┌──

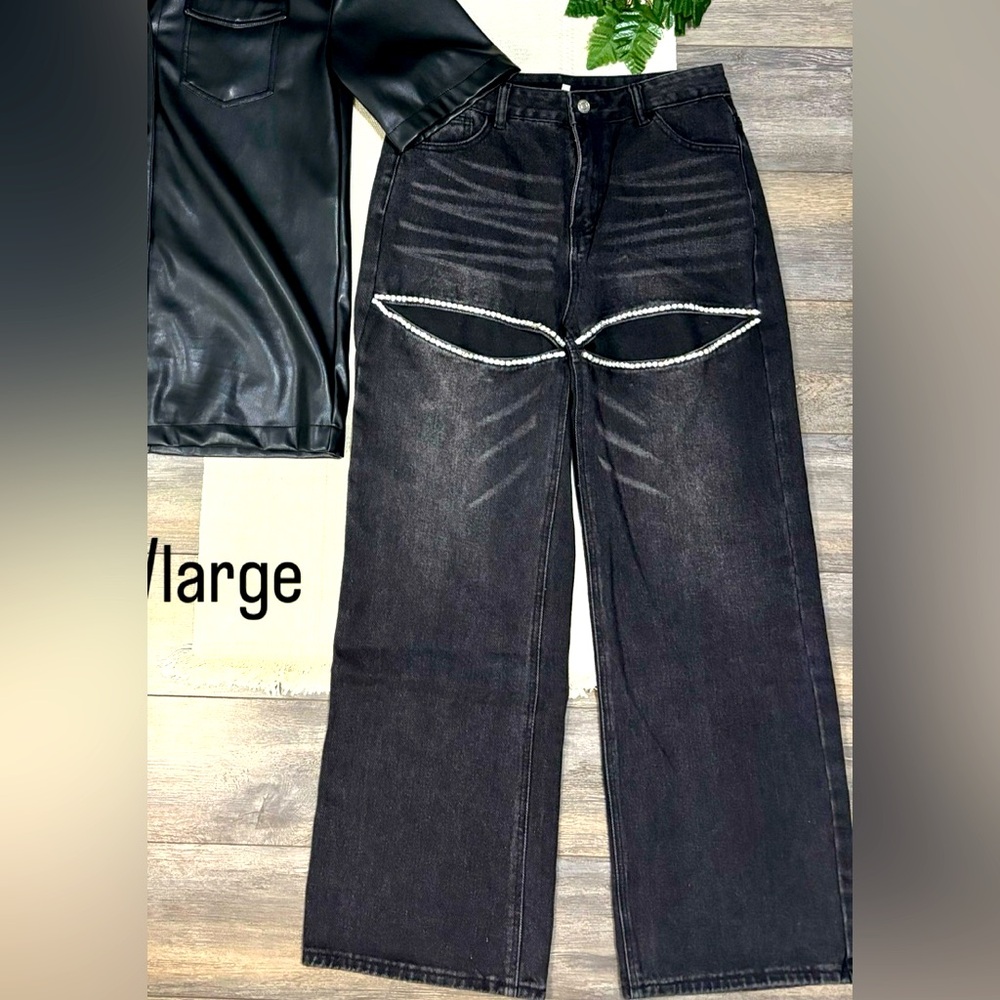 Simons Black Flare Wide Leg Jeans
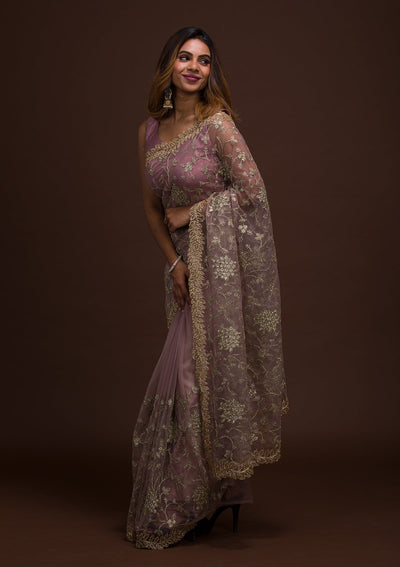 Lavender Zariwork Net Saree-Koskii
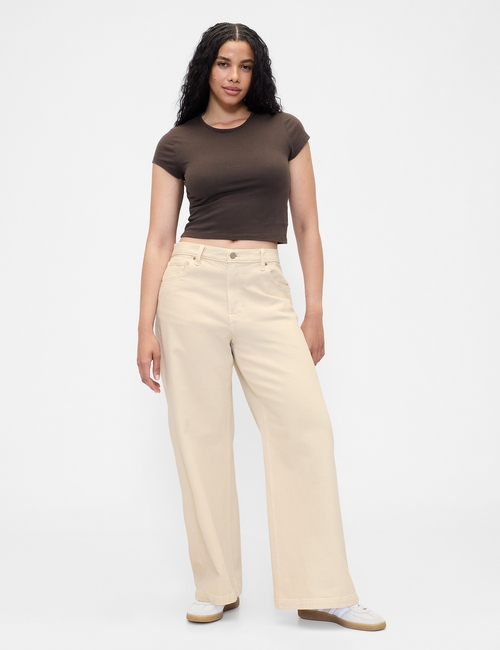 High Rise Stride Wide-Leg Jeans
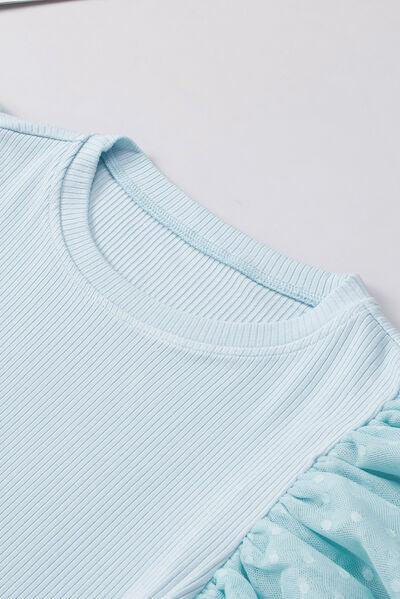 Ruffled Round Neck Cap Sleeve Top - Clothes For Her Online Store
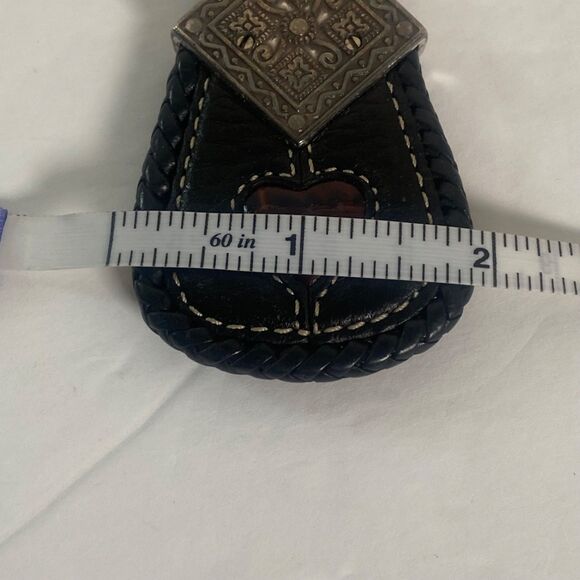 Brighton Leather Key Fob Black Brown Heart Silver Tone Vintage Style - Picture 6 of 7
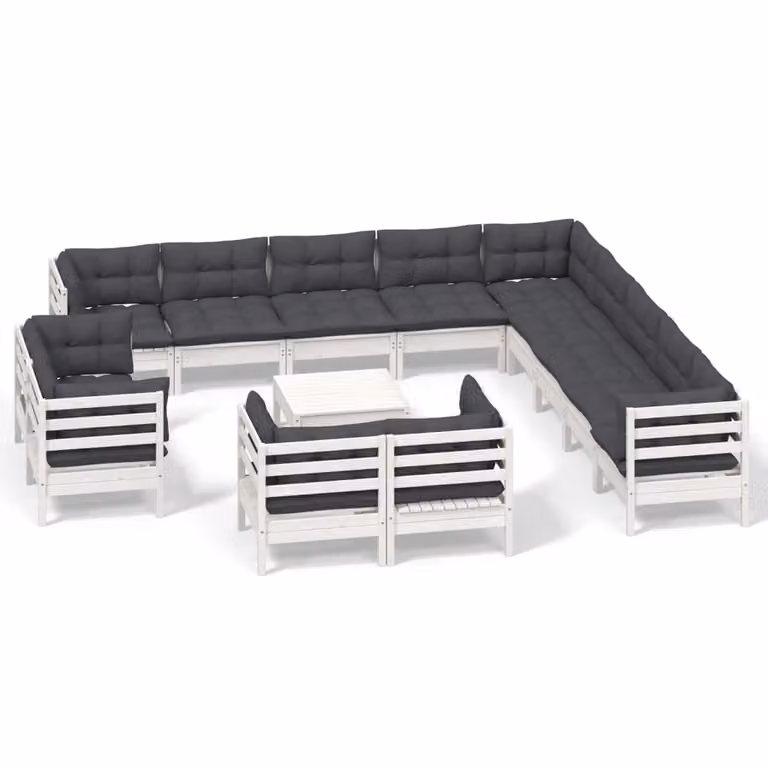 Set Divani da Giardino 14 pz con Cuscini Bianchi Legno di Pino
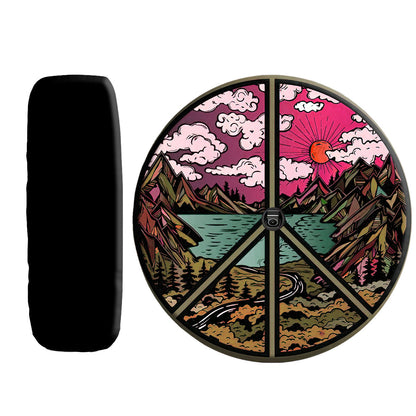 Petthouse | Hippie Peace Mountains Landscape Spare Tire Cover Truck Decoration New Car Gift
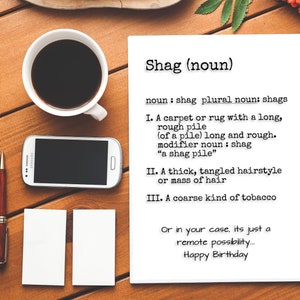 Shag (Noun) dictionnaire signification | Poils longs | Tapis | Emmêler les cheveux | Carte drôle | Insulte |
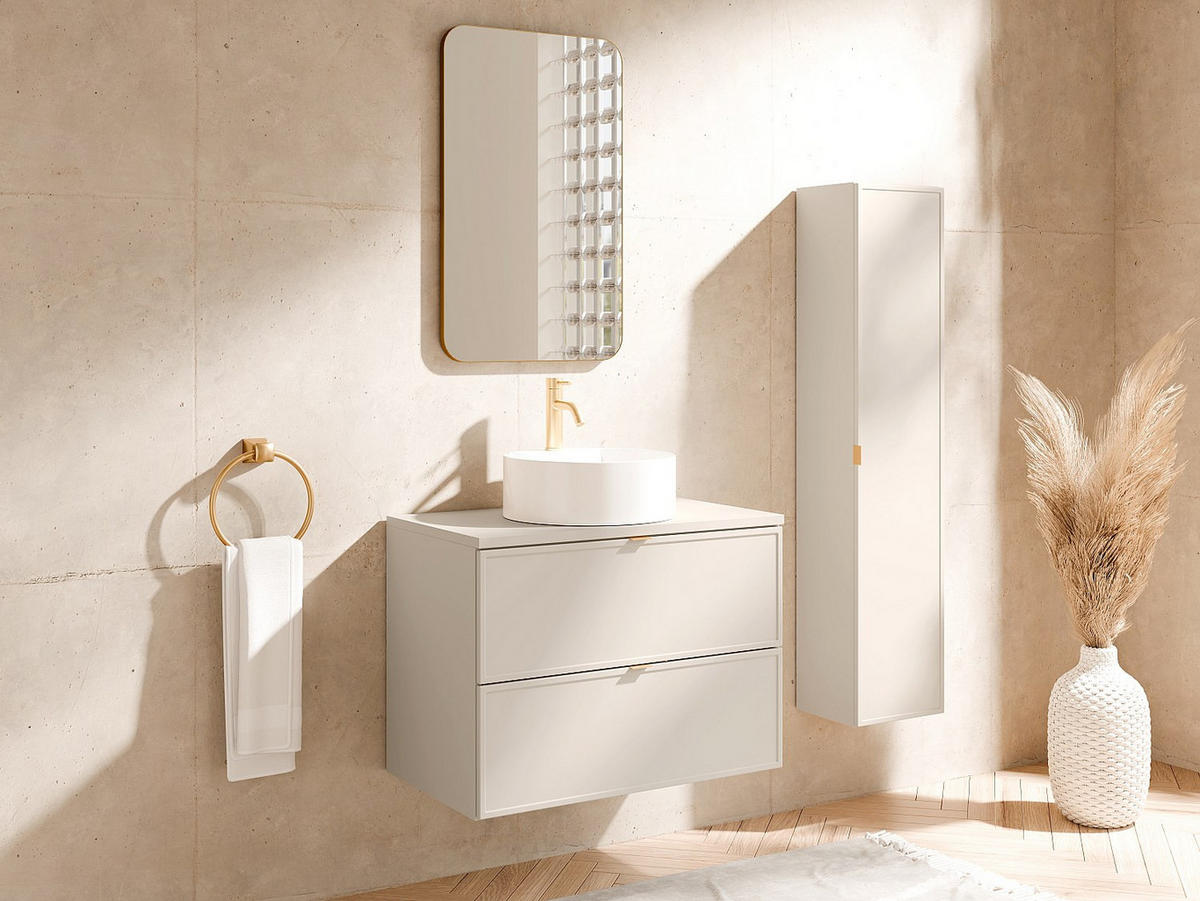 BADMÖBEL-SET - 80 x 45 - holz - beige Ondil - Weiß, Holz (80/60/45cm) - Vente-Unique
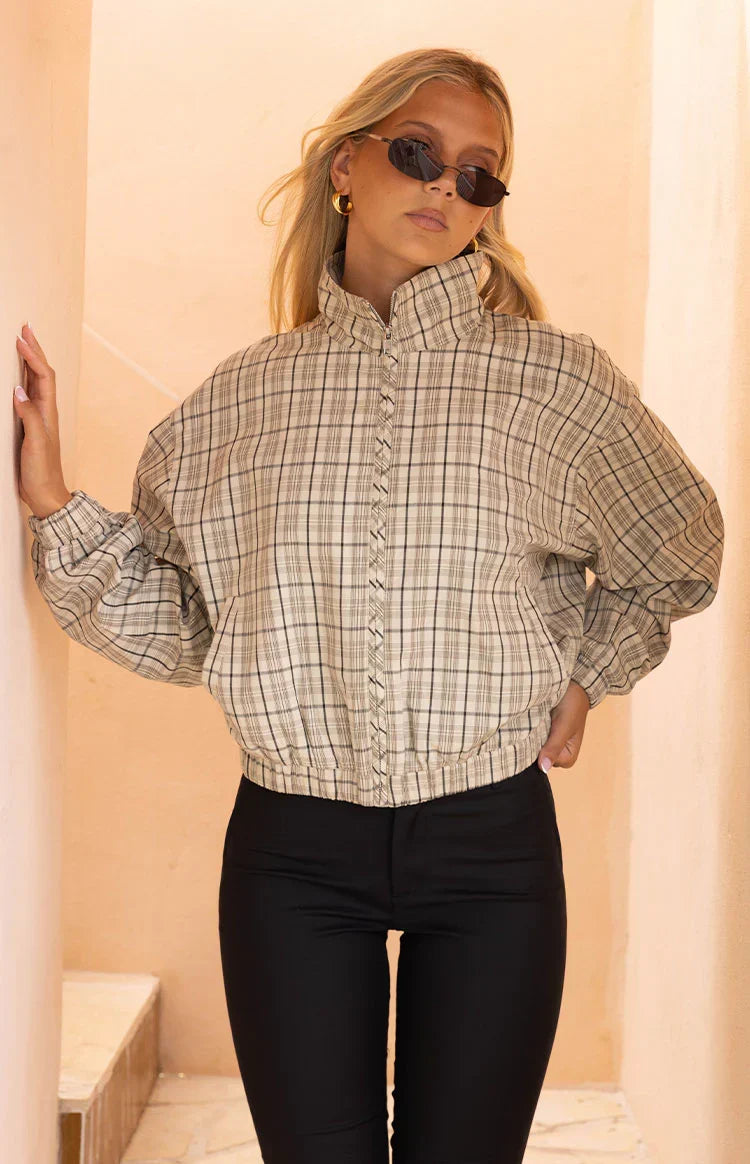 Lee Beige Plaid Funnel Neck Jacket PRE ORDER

└──

:: Exercise aim ::
Restate word for word the lines from the one holding "BADMÖBEL-SET - 80" down through the last line of the records above, and do not include the pictures.

:: Your solution ::
 BADMÖBEL-SET - 80 x 45 - holz - beige Ondil - Weiß, Holz (80/60/45cm) - Vente-Unique
 Lee Beige Plaid Funnel Neck Jacket PRE ORDER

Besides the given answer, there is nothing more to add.